McNeil, who works in Metro's media relations office, has fielded film requests for more than a dozen years. She makes sure projects have enough insurance. She reads scripts. She decides what meets standards for logistics and safety. And the rules. "I go through it and I say, 'No,' 'Yes,' 'No,' 'Yes.' "

Nicole Kidman boarding a train in last year's alien-epidemic thriller "The Invasion"? Yes.

Kidman jumping from a train full of aliens and running down the tracks to escape? No. (That shoot was moved to Baltimore.)

Morgan Freeman firing a gun out of a train window in the 2001 thriller "Along Came a Spider"? Absolutely not. (Also filmed in Baltimore, substituting special Hollywood glass in the window.)

Of the 103 requests since 2006, Metro also rejected these four: a Bollywood-type movie that wanted to film during rush hour, a magazine shoot featuring dancing and a bartender pouring drinks on a train, an advertising video for security software that flags attacks on the Metro and a short about a man thinking about blowing up a train.
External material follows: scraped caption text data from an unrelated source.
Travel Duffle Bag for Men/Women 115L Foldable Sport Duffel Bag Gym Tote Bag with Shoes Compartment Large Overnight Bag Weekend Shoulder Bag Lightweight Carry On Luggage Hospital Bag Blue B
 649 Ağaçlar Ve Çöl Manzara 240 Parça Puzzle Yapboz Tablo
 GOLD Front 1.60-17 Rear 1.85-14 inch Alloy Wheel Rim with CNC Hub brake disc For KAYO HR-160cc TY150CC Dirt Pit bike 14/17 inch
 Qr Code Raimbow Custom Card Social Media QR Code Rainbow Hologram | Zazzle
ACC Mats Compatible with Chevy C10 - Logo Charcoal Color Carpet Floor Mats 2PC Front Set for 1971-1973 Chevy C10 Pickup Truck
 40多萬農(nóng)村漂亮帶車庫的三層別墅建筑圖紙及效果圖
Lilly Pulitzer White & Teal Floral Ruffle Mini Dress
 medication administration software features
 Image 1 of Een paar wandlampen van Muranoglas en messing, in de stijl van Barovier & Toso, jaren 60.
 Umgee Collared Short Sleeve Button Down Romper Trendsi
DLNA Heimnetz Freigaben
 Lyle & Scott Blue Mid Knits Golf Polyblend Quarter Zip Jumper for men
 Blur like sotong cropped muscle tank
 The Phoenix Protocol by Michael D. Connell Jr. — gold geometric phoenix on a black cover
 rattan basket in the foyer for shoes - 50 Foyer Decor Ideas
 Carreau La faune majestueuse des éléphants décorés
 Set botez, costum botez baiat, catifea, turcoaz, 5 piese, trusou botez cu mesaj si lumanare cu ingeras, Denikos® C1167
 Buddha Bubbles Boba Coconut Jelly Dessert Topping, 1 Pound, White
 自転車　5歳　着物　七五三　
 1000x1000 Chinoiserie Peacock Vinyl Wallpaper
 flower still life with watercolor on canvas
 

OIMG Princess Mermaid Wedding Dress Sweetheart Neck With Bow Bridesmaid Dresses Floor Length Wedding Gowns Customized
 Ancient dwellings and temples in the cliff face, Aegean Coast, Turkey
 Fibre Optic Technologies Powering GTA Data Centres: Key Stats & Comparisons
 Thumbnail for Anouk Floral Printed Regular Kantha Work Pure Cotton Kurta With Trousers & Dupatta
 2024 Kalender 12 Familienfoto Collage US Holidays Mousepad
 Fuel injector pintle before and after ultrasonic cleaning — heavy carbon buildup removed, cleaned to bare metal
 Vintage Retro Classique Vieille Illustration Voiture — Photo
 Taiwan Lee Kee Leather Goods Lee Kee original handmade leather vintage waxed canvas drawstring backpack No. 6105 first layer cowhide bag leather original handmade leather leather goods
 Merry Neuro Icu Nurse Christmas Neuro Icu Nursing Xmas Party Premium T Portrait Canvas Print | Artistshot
Metro doesn't allow filming during rush hour or portrayals of anything illegal in the system. Officials don't want people to get the wrong idea.

Metro is working with crews from "State of Play," starring Crowe, Ben Affleck and Rachel McAdams. Based on the BBC miniseries of the same title, the movie is about reporters for a fictional Washington newspaper investigating the death of a congressman's mistress.

A key scene takes place on the Metro: A character is struck by a train. Shooting took place this past weekend at the Rosslyn Station, and another shoot will occur tonight aboard two rail cars at a different station.

Train accidents are a sensitive subject: Three Metro employees were killed in a six-month period in 2006. But the script doesn't show the death, so McNeil said yes. She was initially reluctant because Rosslyn is a busy station, with 16,860 people passing through on an average weekday in February. But the film crew agreed to shoot when the system is least busy, late at night or after rush hour, and after the system is closed.

Director Kevin Macdonald, who helmed "The Last King of Scotland," wanted Rosslyn for its long escalator and its station platform. One character goes down the escalator to the platform, where trains rush by on the upper and lower levels at the same time. It's the only such configuration in the Metro system.